The poll, conducted for The Atlanta Journal-Constitution by Abt SRBI Inc., measured the views of registered voters across the state last week.

While 53 percent favor repeal of the law, or at least parts of it, 57 percent of Georgians said the state should expand Medicaid under the terms of the Affordable Care Act — something Gov. Nathan Deal has so far decided not to do.

The health care program for the poor would take in an additional 650,000 people if the state expanded it....



Posted: 4:56 p.m. Monday, Jan. 13, 2014
By Misty Williams
...The NAACP and other liberal groups (click here) staged the “Moral Monday” rally, an offshoot of a movement that started in North Carolina. One of the group’s goals is to promote Medicaid expansion in Georgia.
“Make them hear you,” North Carolina NAACP President Rev. William Barber told the crowd. “Don’t make a deal with injustice. Do what is right.”...

Here we go with really lousy Republican Priorities and their political misguidance to the public.

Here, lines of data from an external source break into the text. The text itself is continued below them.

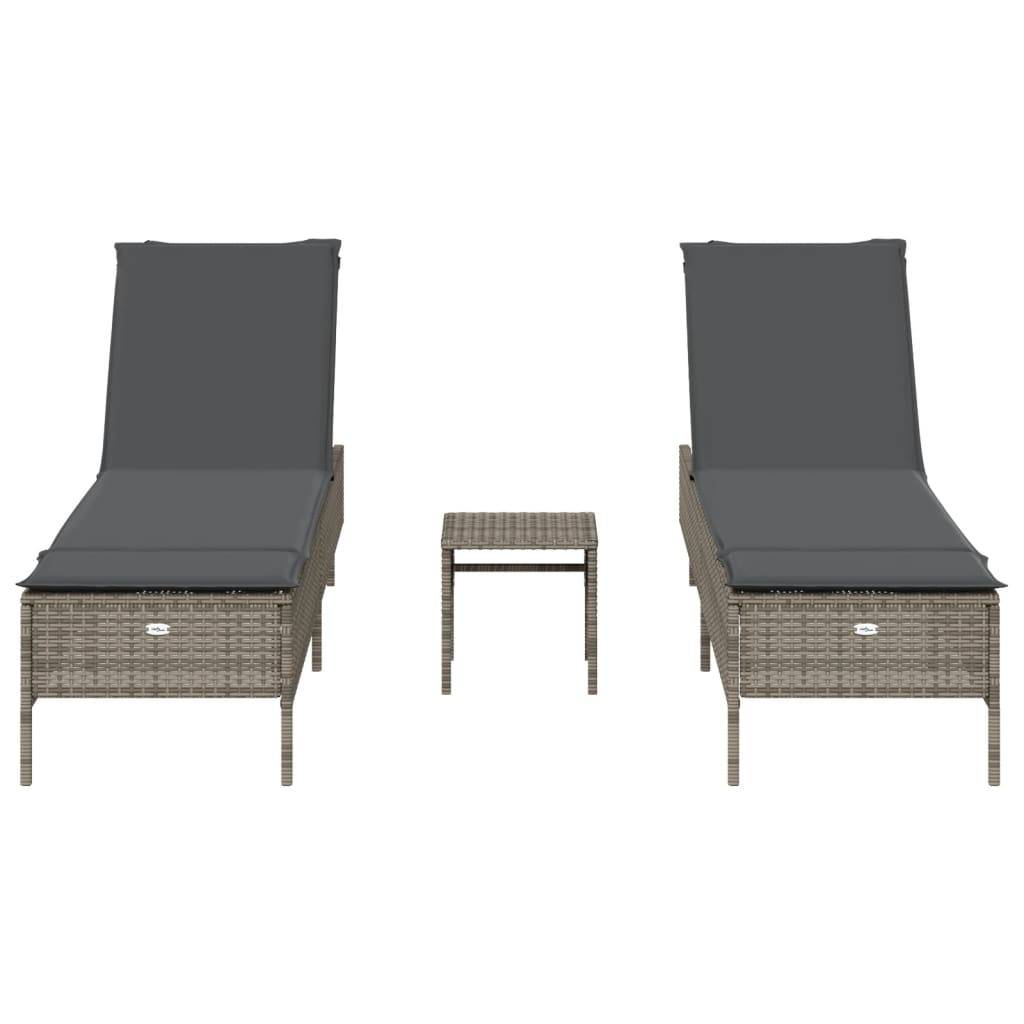 Vidaxl - Ensemble de chaises longues avec coussins 3 pcs gris poly rotin vidaXL 3284265 - Image 9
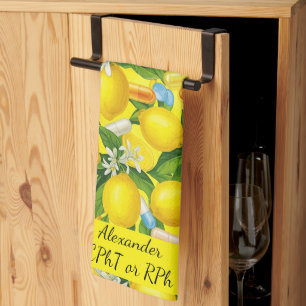 Personalisierte Lemon und Pills Pharmacy Geschirrtuch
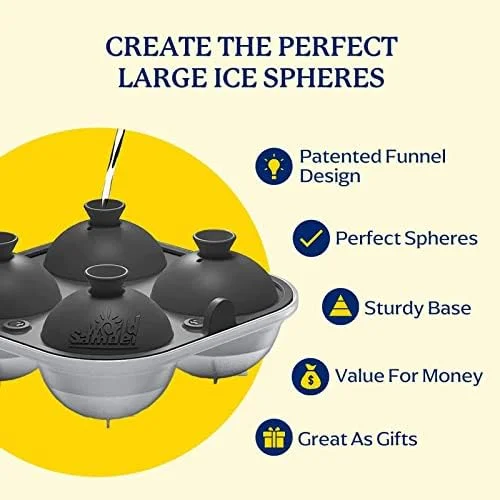 Samuelworld Large Silicone Premium Ice Trays - 2-Pack Combo, 2 Inches Big Cubes & 2.5 Inches Sphere Ice Molds - BPA Free, Craft Ice Maker for Gifting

The Washington Post (click here) is reporting the new budget released to fund the government for the rest of the year cuts $1 billion from the "Prevention and Public Health Fund. Below is a statement by the "Prevention and Public Health Fund":

The United States (click here) has the potential to have one of the healthiest populations in the world, but we currently spend too much and achieve too little. Our per capita health spending is more than twice the average spent by other industrialized nations, but we rank 24th out of 30 such nations in terms of life expectancy. Also striking is the fact that only 3 percent of our health care spending is focused on prevention and public health, when 75 percent of our health care costs are related to preventable conditions.

The Affordable Care Act took an important first step toward addressing these issues by creating a mandatory fund, the Prevention and Public Health Fund. By law, the fund must be used “to provide for expanded and sustained national investment in prevention and public health programs to improve health and help restrain the rate of growth in private and public health care costs.”...

One of the most important aspect of the Patient Protection and Affordable Care Act is to promote good health and preventive care to BEND DOWN THE CURVE of the cost of USA health care. The very last place Congress should be cutting spending are those programs designed to bring down health care costs. In bringing down the cost of health care there will be monies returned to the USA economy to support other economic venues and expand further the opportunities for American employment, saving and achieving the American Dream. Republicans have really lousy priorities that feed Wall Street and deprive the American people their opportunities to be happy and live an enjoyable life. Differently stated, the Republicans feed Wall Street at the expense of "Quality of Life" of citizens of this country.